Very much enjoyed, remember assisting axe felling of tree when in the scouts. Doe a two man saw cut on both strokes?
Johnep34


----------



## Buildit (Feb 5, 2021)

johnep said:


> Very much enjoyed, remember assisting axe felling of tree when in the scouts. Doe a two man saw cut on both strokes?
> Johnep34


I'm very glad you enjoyed it.
It does cut on both strokes, the triangular teeth are sharp on both sides and I suppose this make sense because the saw is used only for cross-cut. I also hope to find someday, at some antique shop, a saw with this kind of profile...

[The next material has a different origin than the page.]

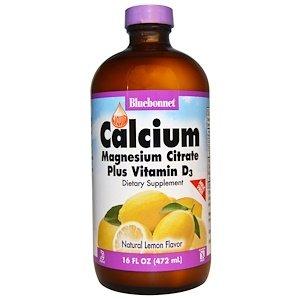 Кальцій магній Д3, Calcium Magnesium Vitamin D3, Bluebonnet Nutrition, рідкий, лимон, 472 мл - фото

I've never used one, but seems to be even more aggressive.


----------



## Tool Agnostic (Aug 13, 2017)

johnep said:


> Very much enjoyed, remember assisting axe felling of tree when in the scouts. [...] Johnep34


I was a teen, helping the adults prepare a Boy Scout camp for summer. They were cutting some marked trees down with a chainsaw, and I asked permission to cut one down with a long-handled axe, just for the experience. They laughed and saved one of the skinniest trees for me. It took hours. I got a lot of blisters on my hands, even though I wore gloves. It was more work than I ever imagined ... and no, I don't remember whether the axe had been properly sharpened. At the time, I didn't know enough to check it.


----------



## Buildit (Feb 5, 2021)

Tool Agnostic said:


> I was a teen, helping the adults prepare a Boy Scout camp for summer. They were cutting some marked trees down with a chainsaw, and I asked permission to cut one down with a long-handled axe, just for the experience. They laughed and saved one of the skinniest trees for me. It took hours. I got a lot of blisters on my hands, even though I wore gloves. It was more work than I ever imagined ... and no, I don't remember whether the axe had been properly sharpened. At the time, I didn't know enough to check it.


It's awesome to hear stories of other people fascinated by tree chopping.
I don't know why, but it somehow feels the right way to fell a tree 😄.
I have to admit I went the easy route, pine seemed very easy to chop. My axe was not the perfect one as far as shape goes, but it was well sharpened. I imagine hardwood is way harder to cut, and probably is best cut with a saw rather than an axe. Anyway it has been an awesome experience for me. I will surely do it again, if I have the occasion (it doesn't happen every day, at least to me, that someone you know has a dangerous tree that needs to be taken down and his willing to let you fell it with an axe)


----------